● **YOUR INSTRUCTIONS**:
Nothing but the lines from the one with "Used 2023 GMC" down to the one with "Sharyndoll pretty actress pics" should be returned, exactly and with both ends included, from the material below.

● **RECORDS SHOWN**:
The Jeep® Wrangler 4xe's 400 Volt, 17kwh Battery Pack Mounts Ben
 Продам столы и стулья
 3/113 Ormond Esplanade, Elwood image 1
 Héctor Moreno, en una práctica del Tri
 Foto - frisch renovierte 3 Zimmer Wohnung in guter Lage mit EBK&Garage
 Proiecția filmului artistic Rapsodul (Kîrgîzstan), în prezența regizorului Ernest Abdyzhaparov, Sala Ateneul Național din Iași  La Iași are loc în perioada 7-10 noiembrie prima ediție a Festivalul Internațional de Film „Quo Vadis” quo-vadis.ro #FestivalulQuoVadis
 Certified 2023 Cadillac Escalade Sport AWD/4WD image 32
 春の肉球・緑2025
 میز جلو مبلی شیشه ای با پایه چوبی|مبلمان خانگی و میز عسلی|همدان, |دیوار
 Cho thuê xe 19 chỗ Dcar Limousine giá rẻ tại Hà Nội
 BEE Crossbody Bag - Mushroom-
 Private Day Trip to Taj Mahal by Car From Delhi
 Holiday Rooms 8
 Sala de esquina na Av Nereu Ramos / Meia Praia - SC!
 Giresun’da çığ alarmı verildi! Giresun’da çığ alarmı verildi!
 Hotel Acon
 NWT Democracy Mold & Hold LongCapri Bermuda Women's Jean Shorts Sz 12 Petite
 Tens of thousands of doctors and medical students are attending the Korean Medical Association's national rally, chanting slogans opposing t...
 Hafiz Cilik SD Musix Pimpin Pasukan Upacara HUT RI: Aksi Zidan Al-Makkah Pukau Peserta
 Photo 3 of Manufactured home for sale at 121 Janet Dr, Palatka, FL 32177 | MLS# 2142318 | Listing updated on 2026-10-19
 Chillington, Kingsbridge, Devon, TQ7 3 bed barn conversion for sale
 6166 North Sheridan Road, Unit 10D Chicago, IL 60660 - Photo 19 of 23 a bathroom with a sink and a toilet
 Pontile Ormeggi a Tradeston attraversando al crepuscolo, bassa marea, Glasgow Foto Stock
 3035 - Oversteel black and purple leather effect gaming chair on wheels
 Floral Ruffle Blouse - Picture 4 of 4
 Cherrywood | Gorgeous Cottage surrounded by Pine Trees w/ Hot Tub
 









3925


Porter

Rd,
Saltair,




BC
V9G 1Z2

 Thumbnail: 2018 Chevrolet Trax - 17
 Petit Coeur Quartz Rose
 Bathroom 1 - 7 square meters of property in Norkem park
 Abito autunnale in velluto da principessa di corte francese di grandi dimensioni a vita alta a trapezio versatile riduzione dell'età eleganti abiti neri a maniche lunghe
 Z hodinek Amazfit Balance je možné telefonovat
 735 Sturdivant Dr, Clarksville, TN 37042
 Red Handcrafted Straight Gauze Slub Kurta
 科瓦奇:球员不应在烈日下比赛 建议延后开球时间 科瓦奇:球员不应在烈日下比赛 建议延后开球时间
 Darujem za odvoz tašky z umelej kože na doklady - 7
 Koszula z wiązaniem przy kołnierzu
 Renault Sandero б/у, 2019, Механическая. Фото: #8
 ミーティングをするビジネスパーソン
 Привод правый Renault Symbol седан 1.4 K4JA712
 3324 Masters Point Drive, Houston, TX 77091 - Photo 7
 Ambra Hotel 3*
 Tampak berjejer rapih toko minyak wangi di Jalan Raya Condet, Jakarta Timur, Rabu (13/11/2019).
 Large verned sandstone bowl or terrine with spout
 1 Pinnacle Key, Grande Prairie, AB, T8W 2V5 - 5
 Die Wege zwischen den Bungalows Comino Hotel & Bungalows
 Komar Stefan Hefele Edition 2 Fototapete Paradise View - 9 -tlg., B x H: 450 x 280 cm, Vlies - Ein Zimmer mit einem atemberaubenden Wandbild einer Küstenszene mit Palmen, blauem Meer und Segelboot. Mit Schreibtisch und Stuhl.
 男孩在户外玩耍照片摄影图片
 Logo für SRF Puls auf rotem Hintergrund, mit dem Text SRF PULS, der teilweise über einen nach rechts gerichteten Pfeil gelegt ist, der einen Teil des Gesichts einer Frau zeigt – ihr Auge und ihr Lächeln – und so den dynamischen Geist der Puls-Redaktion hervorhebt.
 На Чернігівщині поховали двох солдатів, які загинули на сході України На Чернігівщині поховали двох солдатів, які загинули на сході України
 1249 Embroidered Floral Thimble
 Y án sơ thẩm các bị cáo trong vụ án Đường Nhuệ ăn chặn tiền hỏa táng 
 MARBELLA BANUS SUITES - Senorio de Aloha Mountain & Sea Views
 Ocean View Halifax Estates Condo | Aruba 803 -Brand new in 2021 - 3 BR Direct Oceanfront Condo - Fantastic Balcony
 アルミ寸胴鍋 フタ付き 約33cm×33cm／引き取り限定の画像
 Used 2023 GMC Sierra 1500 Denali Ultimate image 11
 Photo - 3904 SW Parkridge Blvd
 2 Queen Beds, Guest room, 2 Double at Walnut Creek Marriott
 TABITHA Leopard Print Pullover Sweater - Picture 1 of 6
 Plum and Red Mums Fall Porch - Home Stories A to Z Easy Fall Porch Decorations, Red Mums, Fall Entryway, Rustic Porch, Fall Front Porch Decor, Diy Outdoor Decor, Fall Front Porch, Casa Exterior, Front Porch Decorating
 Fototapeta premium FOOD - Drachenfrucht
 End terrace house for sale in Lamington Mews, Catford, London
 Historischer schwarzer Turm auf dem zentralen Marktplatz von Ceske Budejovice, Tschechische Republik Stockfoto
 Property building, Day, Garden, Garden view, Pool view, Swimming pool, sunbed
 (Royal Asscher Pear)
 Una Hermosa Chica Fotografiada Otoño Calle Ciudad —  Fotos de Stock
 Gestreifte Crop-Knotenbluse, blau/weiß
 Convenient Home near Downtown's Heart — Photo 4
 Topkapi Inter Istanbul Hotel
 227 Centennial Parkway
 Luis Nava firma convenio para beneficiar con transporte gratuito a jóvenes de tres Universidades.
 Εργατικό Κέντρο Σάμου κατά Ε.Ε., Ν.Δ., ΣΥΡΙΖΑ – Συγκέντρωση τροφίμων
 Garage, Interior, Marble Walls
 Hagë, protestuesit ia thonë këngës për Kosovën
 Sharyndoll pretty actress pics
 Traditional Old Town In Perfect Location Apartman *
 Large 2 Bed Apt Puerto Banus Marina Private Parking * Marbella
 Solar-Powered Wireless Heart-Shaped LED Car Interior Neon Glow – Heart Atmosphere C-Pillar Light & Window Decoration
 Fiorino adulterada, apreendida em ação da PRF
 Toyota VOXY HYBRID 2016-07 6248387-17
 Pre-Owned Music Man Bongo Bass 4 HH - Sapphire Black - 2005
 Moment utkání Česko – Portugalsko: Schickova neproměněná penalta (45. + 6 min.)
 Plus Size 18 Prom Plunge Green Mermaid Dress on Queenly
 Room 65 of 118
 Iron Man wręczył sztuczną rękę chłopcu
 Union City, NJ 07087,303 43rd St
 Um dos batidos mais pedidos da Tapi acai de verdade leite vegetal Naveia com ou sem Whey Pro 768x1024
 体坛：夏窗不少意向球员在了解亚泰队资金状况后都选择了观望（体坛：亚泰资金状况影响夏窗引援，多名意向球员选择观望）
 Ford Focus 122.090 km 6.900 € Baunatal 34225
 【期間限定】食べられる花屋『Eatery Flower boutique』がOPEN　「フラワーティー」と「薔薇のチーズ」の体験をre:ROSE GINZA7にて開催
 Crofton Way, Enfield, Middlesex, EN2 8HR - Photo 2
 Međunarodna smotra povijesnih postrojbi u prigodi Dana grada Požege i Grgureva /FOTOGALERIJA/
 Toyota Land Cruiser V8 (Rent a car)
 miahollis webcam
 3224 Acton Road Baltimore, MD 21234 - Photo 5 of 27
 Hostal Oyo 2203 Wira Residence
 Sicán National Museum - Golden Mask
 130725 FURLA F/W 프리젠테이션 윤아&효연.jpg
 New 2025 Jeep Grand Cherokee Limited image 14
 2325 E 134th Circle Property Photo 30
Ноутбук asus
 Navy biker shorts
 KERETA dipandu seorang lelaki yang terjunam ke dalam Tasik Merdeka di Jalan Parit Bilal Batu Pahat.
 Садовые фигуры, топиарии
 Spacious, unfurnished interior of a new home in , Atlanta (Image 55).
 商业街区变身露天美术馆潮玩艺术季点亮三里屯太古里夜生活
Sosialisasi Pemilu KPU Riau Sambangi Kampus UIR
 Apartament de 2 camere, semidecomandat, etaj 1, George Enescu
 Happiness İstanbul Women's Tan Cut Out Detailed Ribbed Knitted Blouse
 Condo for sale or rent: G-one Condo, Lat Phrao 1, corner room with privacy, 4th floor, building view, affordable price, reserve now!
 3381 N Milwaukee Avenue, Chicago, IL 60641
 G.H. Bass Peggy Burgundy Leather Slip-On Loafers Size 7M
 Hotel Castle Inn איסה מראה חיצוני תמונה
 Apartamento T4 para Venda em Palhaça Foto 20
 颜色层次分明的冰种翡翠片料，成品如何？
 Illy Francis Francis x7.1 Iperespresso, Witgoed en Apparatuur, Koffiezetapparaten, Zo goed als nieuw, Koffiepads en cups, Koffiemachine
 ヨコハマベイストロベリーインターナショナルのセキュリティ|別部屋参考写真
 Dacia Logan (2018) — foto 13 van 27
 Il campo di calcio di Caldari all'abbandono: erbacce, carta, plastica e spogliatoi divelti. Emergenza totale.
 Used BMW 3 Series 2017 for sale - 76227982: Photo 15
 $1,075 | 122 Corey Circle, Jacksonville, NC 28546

● **OUTPUT FOR THIS EXERCISE**:
 Used 2023 GMC Sierra 1500 Denali Ultimate image 11
 Photo - 3904 SW Parkridge Blvd
 2 Queen Beds, Guest room, 2 Double at Walnut Creek Marriott
 TABITHA Leopard Print Pullover Sweater - Picture 1 of 6
 Plum and Red Mums Fall Porch - Home Stories A to Z Easy Fall Porch Decorations, Red Mums, Fall Entryway, Rustic Porch, Fall Front Porch Decor, Diy Outdoor Decor, Fall Front Porch, Casa Exterior, Front Porch Decorating
 Fototapeta premium FOOD - Drachenfrucht
 End terrace house for sale in Lamington Mews, Catford, London
 Historischer schwarzer Turm auf dem zentralen Marktplatz von Ceske Budejovice, Tschechische Republik Stockfoto
 Property building, Day, Garden, Garden view, Pool view, Swimming pool, sunbed
 (Royal Asscher Pear)
 Una Hermosa Chica Fotografiada Otoño Calle Ciudad —  Fotos de Stock
 Gestreifte Crop-Knotenbluse, blau/weiß
 Convenient Home near Downtown's Heart — Photo 4
 Topkapi Inter Istanbul Hotel
 227 Centennial Parkway
 Luis Nava firma convenio para beneficiar con transporte gratuito a jóvenes de tres Universidades.
 Εργατικό Κέντρο Σάμου κατά Ε.Ε., Ν.Δ., ΣΥΡΙΖΑ – Συγκέντρωση τροφίμων
 Garage, Interior, Marble Walls
 Hagë, protestuesit ia thonë këngës për Kosovën
 Sharyndoll pretty actress pics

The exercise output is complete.